# Gearshift kit



## jttheclockman (Feb 9, 2016)

OK I go to use the pen kit chart for the first time and either the answer is not there or I do not know how to find it so I will flat out ask.

I will be trying these gearshift kits and as of yet I do not have the kits but i would like to start casting the blanks. I understand they use the 3/8" tube. Is this correct???  What is the length of the tube???  Thanks in advance.


----------



## Cwalker935 (Feb 9, 2016)

They are 2.2" long, 3/8 tube is correct.


----------



## WriteON (Feb 9, 2016)

This kit is awesome. As cool as a 30cal bolt kit is that's how cool the gear shift pen is. The beauty...No twists. Advances and retracts without a hitch. 
I was showing a gear pen to my jeweler before the holidays. One of the sales people asked me how much... I sold 3 for a decent price. The pens were presents. The recipients loved them. For fun... glue a lug nut on a display stand.


----------



## Edward Cypher (Feb 9, 2016)

Like the lug nut idea.  Might have to steal.


----------



## WriteON (Feb 9, 2016)

Edward Cypher said:


> Like the lug nut idea.  Might have to steal.



Let's take it to the next level. Provide a  jack wrench:biggrin::biggrin:


----------



## jttheclockman (Feb 9, 2016)

Cwalker935 said:


> They are 2.2" long, 3/8 tube is correct.





What is 2.2" ???  Is there any leeway in the length???


----------



## Cwalker935 (Feb 9, 2016)

jttheclockman said:


> Cwalker935 said:
> 
> 
> > They are 2.2" long, 3/8 tube is correct.
> ...


 
 2.2" is between 2 3/16" and 2 7/32".  My caliper is electronic and reads in decimals, mms and fractions.  So I just set my caliper at 2.2 to measure my tubes for casting and it fits perfectly.


----------



## jttheclockman (Feb 9, 2016)

Cwalker935 said:


> jttheclockman said:
> 
> 
> > Cwalker935 said:
> ...



Thank you.


----------



## Edgar (Feb 9, 2016)

Hey John,
Were you looking at the latest versions of the charts? They were all updated on Feb 3 and there is a link to these latest versions at the top right of the IAP Home Page. The Gearshift kit is now included in 6 of the charts (PSI, Exotic Blanks, Woodturningz, WoodNWhimsies, Arizona Silhouettes & William Wood-Write).

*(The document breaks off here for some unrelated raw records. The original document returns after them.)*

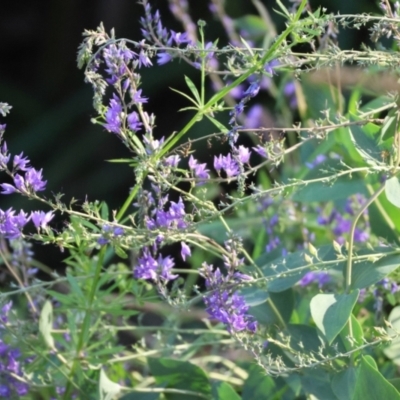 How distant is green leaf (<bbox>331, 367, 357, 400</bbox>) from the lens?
0.62m

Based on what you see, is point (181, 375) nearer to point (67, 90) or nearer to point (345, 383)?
point (345, 383)

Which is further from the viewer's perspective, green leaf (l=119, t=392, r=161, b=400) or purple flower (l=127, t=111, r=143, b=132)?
green leaf (l=119, t=392, r=161, b=400)

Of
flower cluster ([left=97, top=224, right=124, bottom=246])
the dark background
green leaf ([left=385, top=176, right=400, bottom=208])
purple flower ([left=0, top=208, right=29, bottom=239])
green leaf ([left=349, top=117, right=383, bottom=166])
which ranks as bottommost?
the dark background

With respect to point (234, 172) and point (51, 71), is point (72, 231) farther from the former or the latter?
point (51, 71)

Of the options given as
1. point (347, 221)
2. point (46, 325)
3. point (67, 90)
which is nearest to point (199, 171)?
point (46, 325)

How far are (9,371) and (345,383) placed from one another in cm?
33

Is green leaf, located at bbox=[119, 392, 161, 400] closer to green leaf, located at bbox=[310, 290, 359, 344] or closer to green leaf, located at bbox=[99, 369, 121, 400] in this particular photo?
green leaf, located at bbox=[99, 369, 121, 400]

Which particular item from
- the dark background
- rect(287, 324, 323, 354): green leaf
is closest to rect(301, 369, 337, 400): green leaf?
rect(287, 324, 323, 354): green leaf

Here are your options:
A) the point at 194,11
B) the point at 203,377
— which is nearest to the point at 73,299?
the point at 203,377

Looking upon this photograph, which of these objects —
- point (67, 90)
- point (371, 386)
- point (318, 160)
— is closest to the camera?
point (371, 386)

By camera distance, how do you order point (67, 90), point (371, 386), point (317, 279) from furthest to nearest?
point (67, 90) → point (317, 279) → point (371, 386)

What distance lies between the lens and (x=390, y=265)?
0.65 m

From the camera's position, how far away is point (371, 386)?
58 centimetres

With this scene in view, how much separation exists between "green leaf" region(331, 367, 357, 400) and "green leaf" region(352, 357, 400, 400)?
0.03m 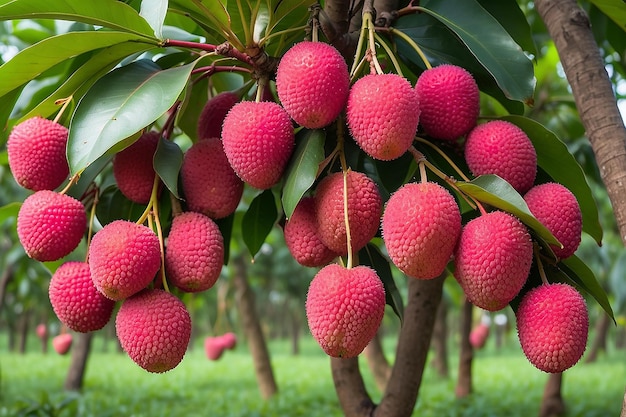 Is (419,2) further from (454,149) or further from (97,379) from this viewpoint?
(97,379)

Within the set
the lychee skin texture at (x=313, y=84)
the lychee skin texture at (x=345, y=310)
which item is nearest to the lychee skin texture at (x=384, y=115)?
the lychee skin texture at (x=313, y=84)

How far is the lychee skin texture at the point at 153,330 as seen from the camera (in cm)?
76

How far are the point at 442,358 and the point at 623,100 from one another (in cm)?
446

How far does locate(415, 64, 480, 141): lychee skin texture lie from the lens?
0.79m

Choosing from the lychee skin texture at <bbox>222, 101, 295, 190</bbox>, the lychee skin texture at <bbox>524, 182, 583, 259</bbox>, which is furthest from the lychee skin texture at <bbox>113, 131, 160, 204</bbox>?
the lychee skin texture at <bbox>524, 182, 583, 259</bbox>

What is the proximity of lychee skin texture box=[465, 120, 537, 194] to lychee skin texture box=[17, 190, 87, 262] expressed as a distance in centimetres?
53

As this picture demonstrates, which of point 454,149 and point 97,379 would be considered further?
point 97,379

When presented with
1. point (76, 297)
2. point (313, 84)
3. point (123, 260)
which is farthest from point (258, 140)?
point (76, 297)

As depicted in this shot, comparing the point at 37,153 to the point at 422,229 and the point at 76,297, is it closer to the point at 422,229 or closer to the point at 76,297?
the point at 76,297

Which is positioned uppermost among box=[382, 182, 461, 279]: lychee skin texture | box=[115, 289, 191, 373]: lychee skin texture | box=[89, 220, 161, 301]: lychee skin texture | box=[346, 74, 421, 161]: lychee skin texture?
box=[346, 74, 421, 161]: lychee skin texture

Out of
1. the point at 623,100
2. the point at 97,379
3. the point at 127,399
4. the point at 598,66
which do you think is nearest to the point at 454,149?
the point at 598,66

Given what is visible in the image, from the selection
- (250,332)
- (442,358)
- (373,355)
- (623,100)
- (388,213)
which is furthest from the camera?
(442,358)

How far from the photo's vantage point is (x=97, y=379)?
691 centimetres

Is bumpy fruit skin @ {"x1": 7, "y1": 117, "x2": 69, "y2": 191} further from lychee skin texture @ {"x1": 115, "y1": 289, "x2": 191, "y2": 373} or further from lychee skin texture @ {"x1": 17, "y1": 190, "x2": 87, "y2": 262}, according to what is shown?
lychee skin texture @ {"x1": 115, "y1": 289, "x2": 191, "y2": 373} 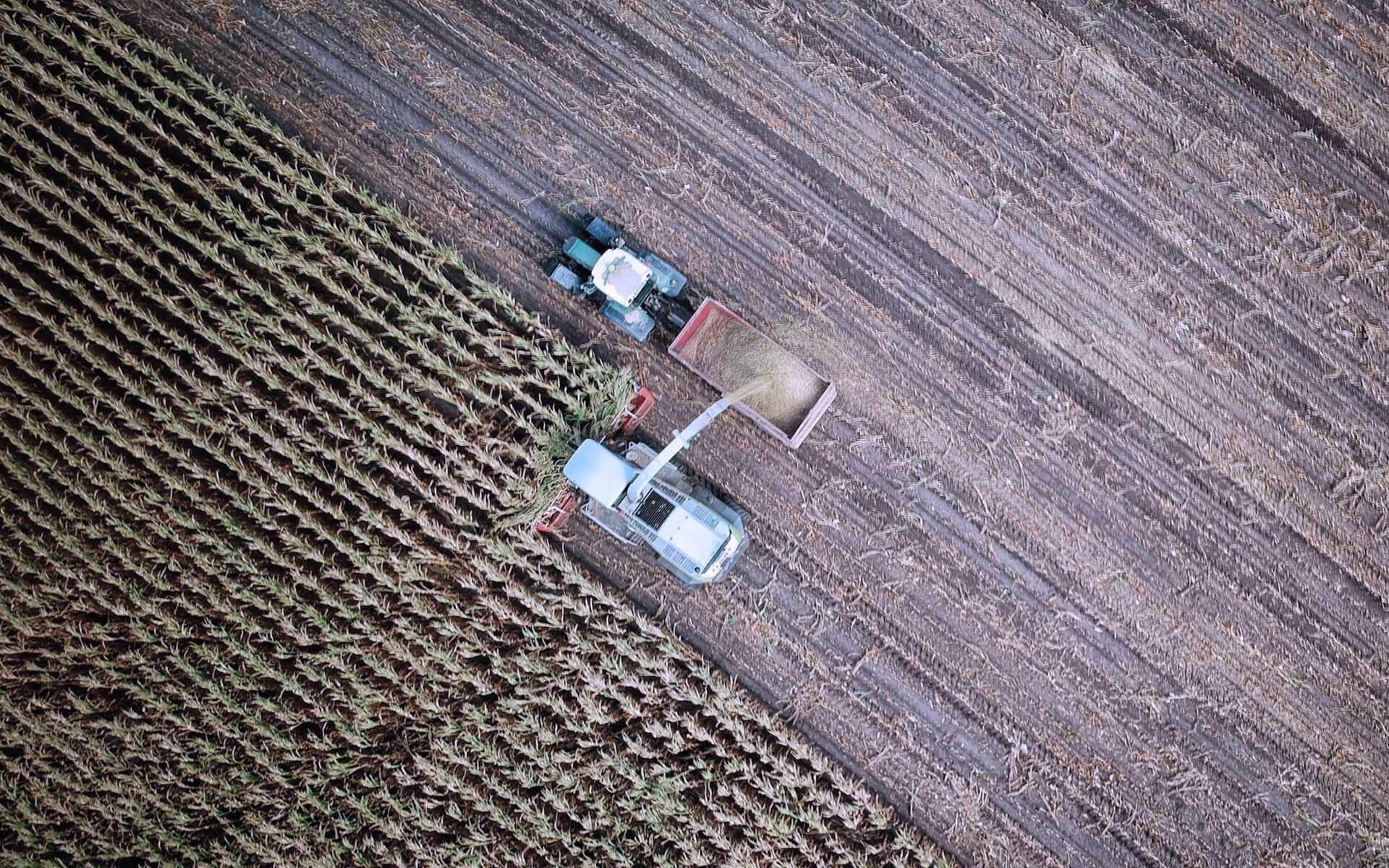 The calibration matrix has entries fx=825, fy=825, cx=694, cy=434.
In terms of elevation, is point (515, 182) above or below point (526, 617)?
above

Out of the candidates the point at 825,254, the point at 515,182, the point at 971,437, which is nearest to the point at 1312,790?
the point at 971,437

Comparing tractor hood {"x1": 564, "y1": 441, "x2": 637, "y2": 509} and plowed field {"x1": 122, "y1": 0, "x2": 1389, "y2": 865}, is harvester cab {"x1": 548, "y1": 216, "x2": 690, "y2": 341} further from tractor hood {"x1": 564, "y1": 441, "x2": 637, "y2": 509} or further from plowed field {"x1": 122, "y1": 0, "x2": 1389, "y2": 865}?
tractor hood {"x1": 564, "y1": 441, "x2": 637, "y2": 509}

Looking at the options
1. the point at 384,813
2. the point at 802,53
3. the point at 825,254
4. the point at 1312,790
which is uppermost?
the point at 802,53

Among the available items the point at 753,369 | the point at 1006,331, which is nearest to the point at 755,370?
the point at 753,369

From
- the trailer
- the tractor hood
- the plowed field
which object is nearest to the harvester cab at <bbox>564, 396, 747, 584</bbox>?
the tractor hood

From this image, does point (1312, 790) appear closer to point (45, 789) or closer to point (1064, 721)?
point (1064, 721) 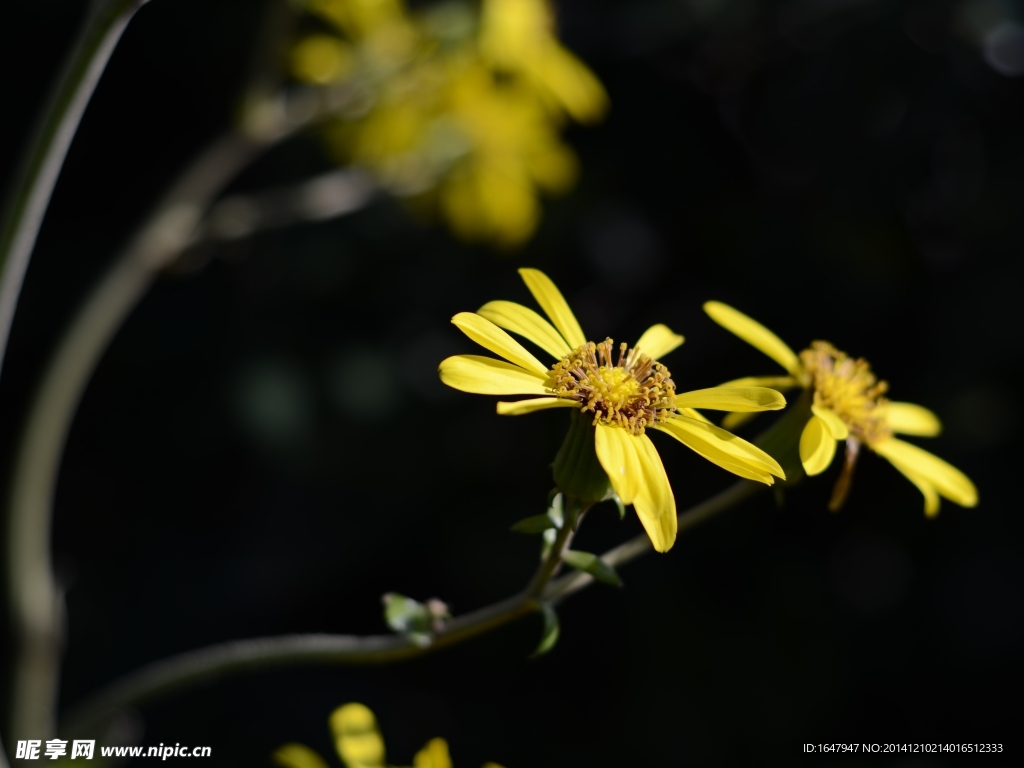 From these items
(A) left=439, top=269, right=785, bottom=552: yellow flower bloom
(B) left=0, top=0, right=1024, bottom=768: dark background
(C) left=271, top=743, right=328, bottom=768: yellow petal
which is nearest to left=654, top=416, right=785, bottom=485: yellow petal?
(A) left=439, top=269, right=785, bottom=552: yellow flower bloom

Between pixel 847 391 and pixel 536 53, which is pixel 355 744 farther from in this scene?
pixel 536 53

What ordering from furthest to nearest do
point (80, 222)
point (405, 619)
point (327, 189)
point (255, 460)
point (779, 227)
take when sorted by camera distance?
point (80, 222), point (255, 460), point (779, 227), point (327, 189), point (405, 619)

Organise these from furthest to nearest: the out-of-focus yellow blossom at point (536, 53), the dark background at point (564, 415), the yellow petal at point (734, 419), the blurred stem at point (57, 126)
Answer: the dark background at point (564, 415), the out-of-focus yellow blossom at point (536, 53), the yellow petal at point (734, 419), the blurred stem at point (57, 126)

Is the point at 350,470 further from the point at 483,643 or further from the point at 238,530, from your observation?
the point at 483,643

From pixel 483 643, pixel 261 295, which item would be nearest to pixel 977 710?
pixel 483 643

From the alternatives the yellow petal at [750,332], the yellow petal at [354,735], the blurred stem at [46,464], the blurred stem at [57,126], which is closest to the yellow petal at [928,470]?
the yellow petal at [750,332]

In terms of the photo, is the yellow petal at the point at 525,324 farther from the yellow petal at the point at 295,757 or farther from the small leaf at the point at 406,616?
the yellow petal at the point at 295,757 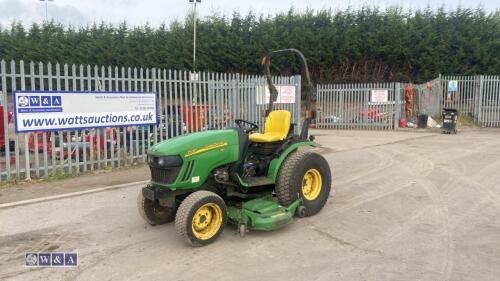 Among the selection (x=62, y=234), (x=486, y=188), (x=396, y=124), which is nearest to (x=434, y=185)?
(x=486, y=188)

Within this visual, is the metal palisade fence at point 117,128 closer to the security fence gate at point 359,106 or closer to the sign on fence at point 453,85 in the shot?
the security fence gate at point 359,106

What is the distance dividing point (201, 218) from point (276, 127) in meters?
1.72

This is not meant as a critical reply by any means. There are over 1,400 kits in the 18 charts and it can sometimes be difficult to find what you need. Wayne & I are trying to make the searches as easy as possible & the app really helps, but we realize that not everyone owns an iPhone or iPad, so we also want to do what we can to make the charts easier to work with.

All reports of problems or issues with the charts or app are welcome & appreciated.

Edgar


----------



## MattTheHat (Feb 9, 2016)

A head's up about this kit. They come with a return spring that is about twice as long as a standard ballpoint spring. If you get them mixed up and put in a regular (shorter) spring, the lever will not return all the way back when the ballpoint is retracted. It moves back enough to clear the ballpoint, but the lever just kind of flops around. 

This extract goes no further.